TASK DETAILS
Write out every record below exactly as given. Leave the pictures out.

# # # #

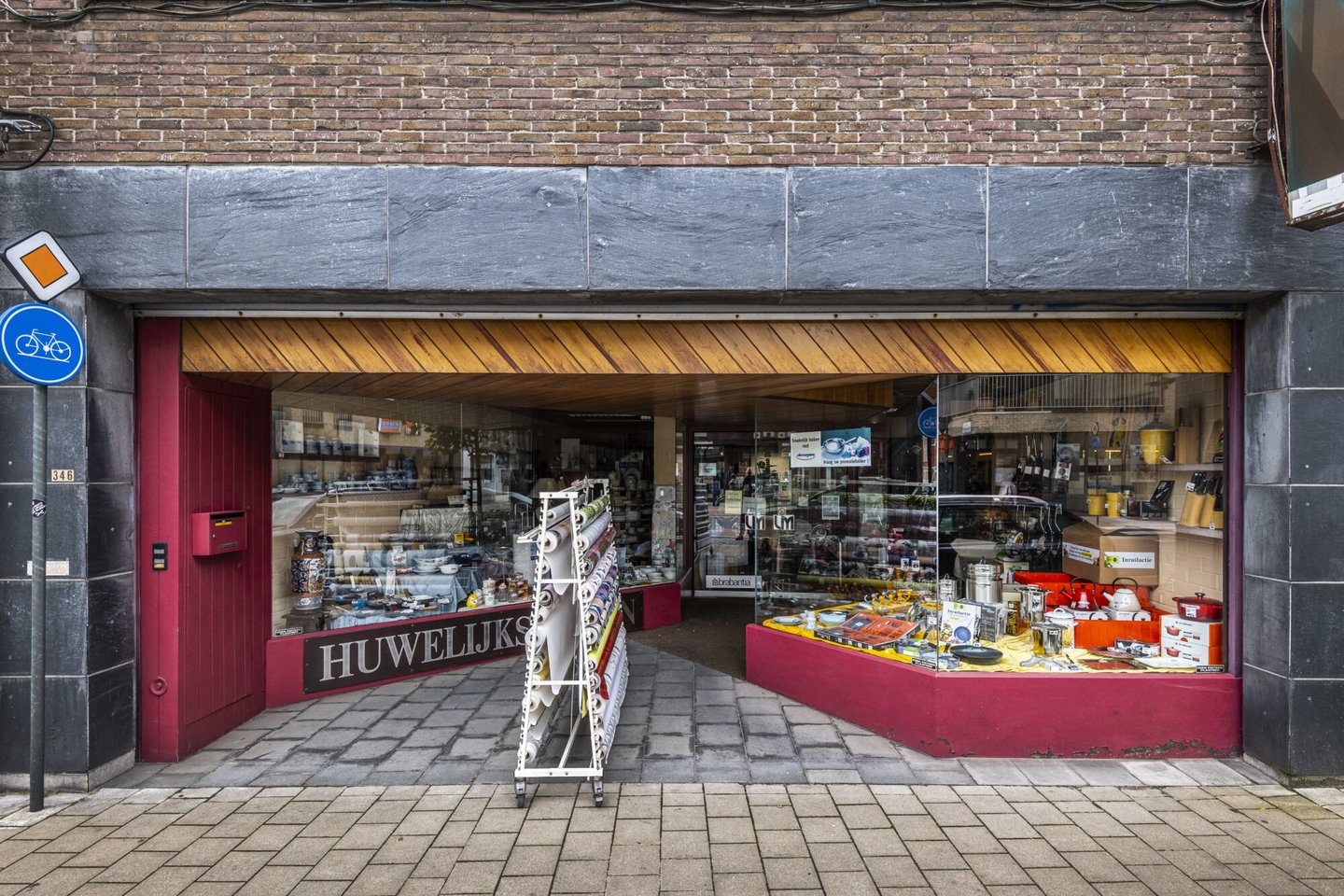 Etalage van woonwinkel LM in Sint-Amandsberg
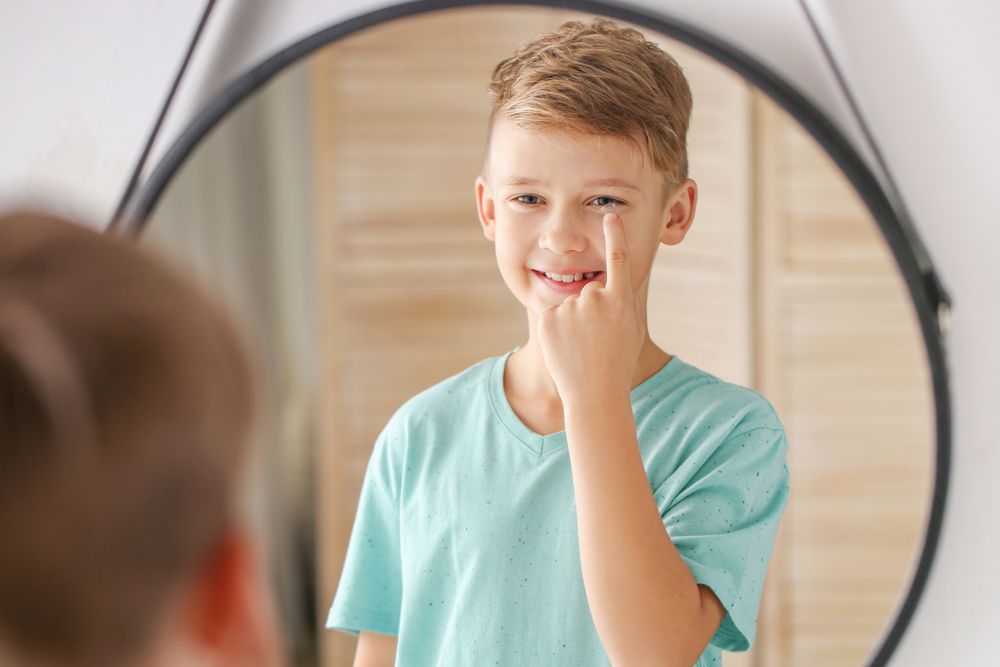 Navigating Contact Lenses for Kids: When is the Right Age to Start?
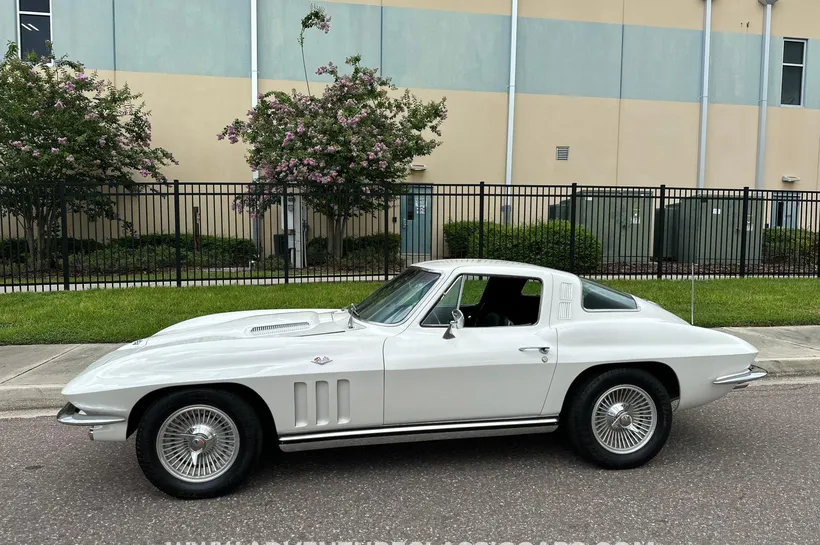 1965 Chevrolet Corvette 194375S100845 White Black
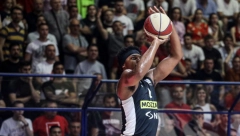 URNEBESNA SCENA NA KRAJU MEČA Mitrović "asistirao" Ledeju za zakucavanje (VIDEO)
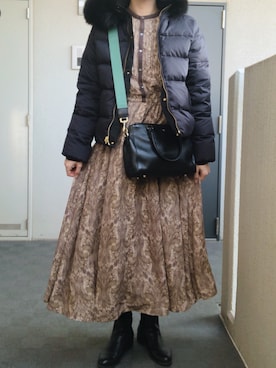 「ANYA HINDMARCH（アニヤハインドマーチ）のアイテム（バッグ）」を使った、toommypeco5さん（レディース・165cm）の冬コーディネート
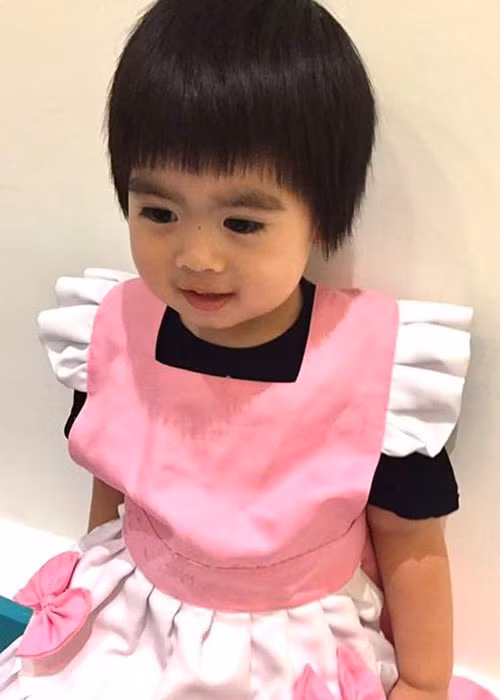 Hình ảnh bé Kyson đáng yêu khi mặc chiếc tạp dề. Ảnh: Weibo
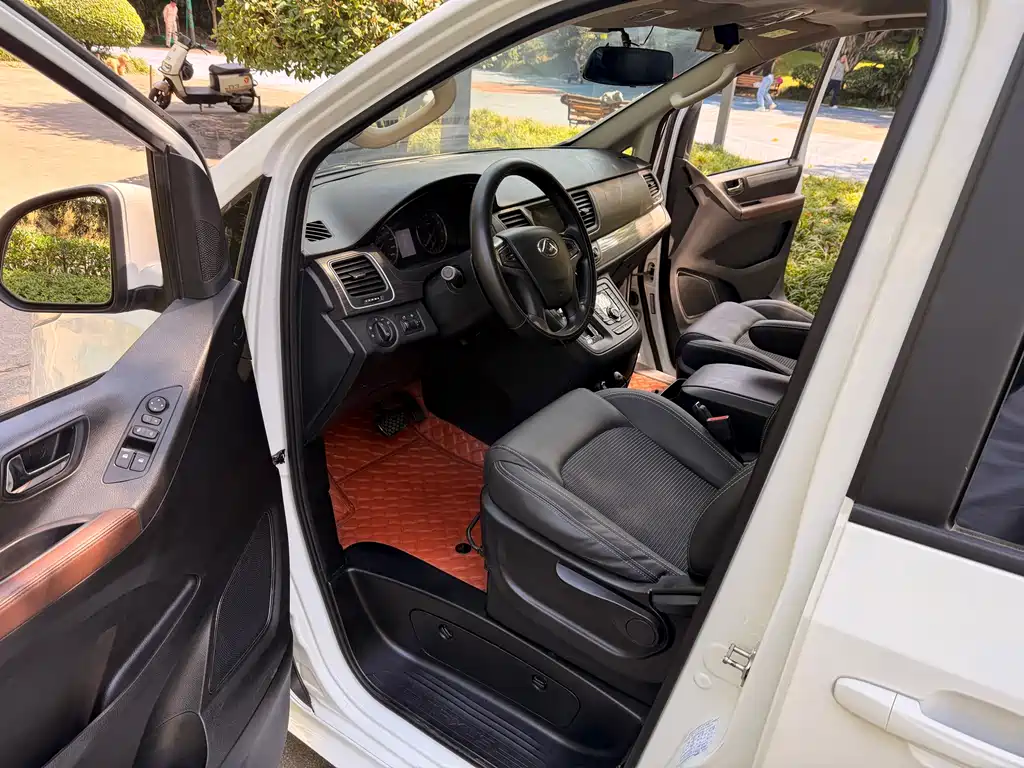 Maxus G10 2019 PLUS 2.0T Automatic Elite Edition China VI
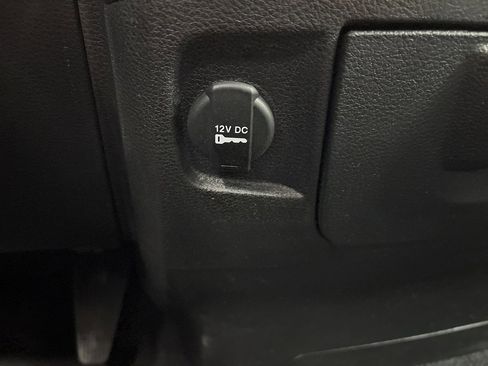 Used 2024 RAM 1500 Classic SLT image 33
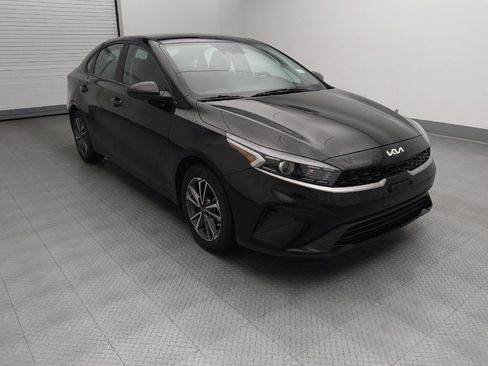 Used 2022 Kia Forte LXS FWD image 13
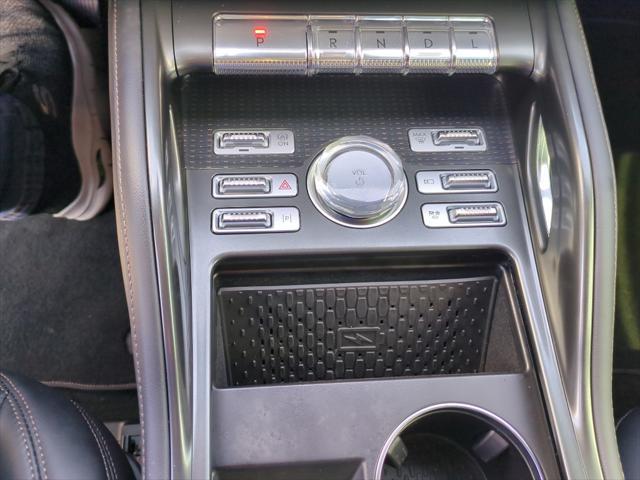 used 2024 Lincoln Nautilus car, priced at $47,995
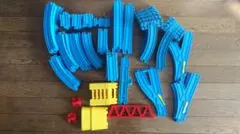 プラレール パーツセット 約100個　レールだけだと92本あります。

# # # #

SOLVED EXERCISE
 Etalage van woonwinkel LM in Sint-Amandsberg
 Navigating Contact Lenses for Kids: When is the Right Age to Start?
 1965 Chevrolet Corvette 194375S100845 White Black
 URNEBESNA SCENA NA KRAJU MEČA Mitrović "asistirao" Ledeju za zakucavanje (VIDEO)
 「ANYA HINDMARCH（アニヤハインドマーチ）のアイテム（バッグ）」を使った、toommypeco5さん（レディース・165cm）の冬コーディネート
 Hình ảnh bé Kyson đáng yêu khi mặc chiếc tạp dề. Ảnh: Weibo
 Maxus G10 2019 PLUS 2.0T Automatic Elite Edition China VI
 Used 2024 RAM 1500 Classic SLT image 33
 Used 2022 Kia Forte LXS FWD image 13
 used 2024 Lincoln Nautilus car, priced at $47,995
 プラレール パーツセット 約100個　レールだけだと92本あります。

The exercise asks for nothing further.